For Spring 2026, that quiet, single-rectangle wisdom is the most romantic thing happening in resortwear. The pareo is back — not as a costume-y “beach cover-up” but as the soft, sun-warmed punctuation between a swim and the rest of a slow afternoon. And the trick, of course, is what you wear underneath it. Because a pareo only sings when it has something honest to drape over. Something with a beautiful neckline. Something whose own lines you’d happily let peek through. Something that already makes you feel like the version of yourself you are on holiday.
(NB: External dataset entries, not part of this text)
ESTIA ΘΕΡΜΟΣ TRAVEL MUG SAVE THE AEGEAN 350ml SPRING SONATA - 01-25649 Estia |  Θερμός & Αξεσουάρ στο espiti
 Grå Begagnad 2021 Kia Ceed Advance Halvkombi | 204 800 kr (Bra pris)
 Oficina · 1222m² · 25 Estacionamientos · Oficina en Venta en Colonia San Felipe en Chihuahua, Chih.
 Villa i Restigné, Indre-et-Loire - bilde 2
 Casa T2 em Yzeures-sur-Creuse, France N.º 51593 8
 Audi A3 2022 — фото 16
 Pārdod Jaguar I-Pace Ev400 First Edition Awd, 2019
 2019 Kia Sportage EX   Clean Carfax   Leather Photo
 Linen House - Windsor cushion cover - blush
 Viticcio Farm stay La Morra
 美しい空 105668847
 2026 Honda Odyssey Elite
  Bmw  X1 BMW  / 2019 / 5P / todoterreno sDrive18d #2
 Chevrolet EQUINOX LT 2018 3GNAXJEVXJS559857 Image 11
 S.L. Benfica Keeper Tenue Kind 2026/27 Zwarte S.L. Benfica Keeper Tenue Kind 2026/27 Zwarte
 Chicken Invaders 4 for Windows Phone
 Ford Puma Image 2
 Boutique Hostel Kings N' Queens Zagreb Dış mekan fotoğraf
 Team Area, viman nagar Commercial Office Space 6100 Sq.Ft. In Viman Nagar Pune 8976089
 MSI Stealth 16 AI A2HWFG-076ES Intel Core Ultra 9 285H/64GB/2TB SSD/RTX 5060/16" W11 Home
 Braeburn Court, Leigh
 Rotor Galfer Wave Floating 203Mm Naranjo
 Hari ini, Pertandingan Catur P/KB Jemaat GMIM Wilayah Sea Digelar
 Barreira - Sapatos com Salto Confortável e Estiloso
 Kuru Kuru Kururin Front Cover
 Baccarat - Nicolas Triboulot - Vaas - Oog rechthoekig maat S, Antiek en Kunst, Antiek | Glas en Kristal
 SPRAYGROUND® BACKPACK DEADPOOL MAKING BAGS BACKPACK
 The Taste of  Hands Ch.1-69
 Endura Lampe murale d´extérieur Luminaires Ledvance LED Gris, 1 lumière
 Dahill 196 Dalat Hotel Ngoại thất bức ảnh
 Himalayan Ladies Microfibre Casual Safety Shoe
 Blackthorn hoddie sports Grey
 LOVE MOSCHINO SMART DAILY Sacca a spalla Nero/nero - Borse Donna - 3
That is exactly why the Hermosa Ruffled One Piece has become the quiet star of our spring rotation. The single ruffle running across the bust catches the light the way a small wave catches the morning, and the cut is generous enough to walk a long shoreline in but flattering enough to drift straight from the sea into a beach café without changing. Tie a soft cotton pareo low on the hips over it, knot it at the side, and you have the easiest, most considered look on the whole stretch of sand. Add a cold glass of something pale, a paperback that smells of sunscreen, and the day basically writes itself. Browse the rest of the Soul Flow Apparel swimwear edit and you’ll find a dozen other pieces built for exactly this kind of layering.
If you prefer a two-piece anchor underneath your wrap, this is the season to fall back in love with the gentle architecture of a soft triangle. The Makena Sleeveless Bikini Crop Top is the kind of top that feels almost like a tank — easy on the shoulders, modest enough to wear into a beachfront restaurant without ceremony, and pretty enough that a half-knotted pareo across the waist becomes the entire outfit. Pair it with the Rocha Bikini Bottom, which sits softly on the hipbone and skims rather than pinches, and you have the most flattering canvas for the pareo’s two great styling moves: the low side-knot at the hip (for the long walk along the water line) and the bandeau-front tie at the bust (for the quiet hour when the sun has dipped and you don’t want to put on anything that has buttons).
The pareo also begs for a little jewelry, but only the kind that doesn’t mind salt and sand. This is where an anklet becomes the most elegant choice in the whole jewelry box — a soft glint at the ankle, half-hidden by the pareo’s hem, glimpsed only when the wind lifts the cloth on a step. The Kiawah Beachcomber Anklet is exactly that — small, sea-soft, and entirely at home on bare, sun-warm skin. Slip it on once at the beginning of the trip and let it stay there until the tan line draws itself around it like a watercolour.
How to wear the pareo this season, in short: choose a single, soft rectangle of cotton with a hand-painted floral or a faded ikat. Knot it once, low and to the side. Let one corner trail. Walk slowly. Listen to the wind. And for everything that goes underneath — the suit that holds you, the anklet that catches the light, the bikini bottom that makes you forget you’re wearing one — come and choose it slowly with us.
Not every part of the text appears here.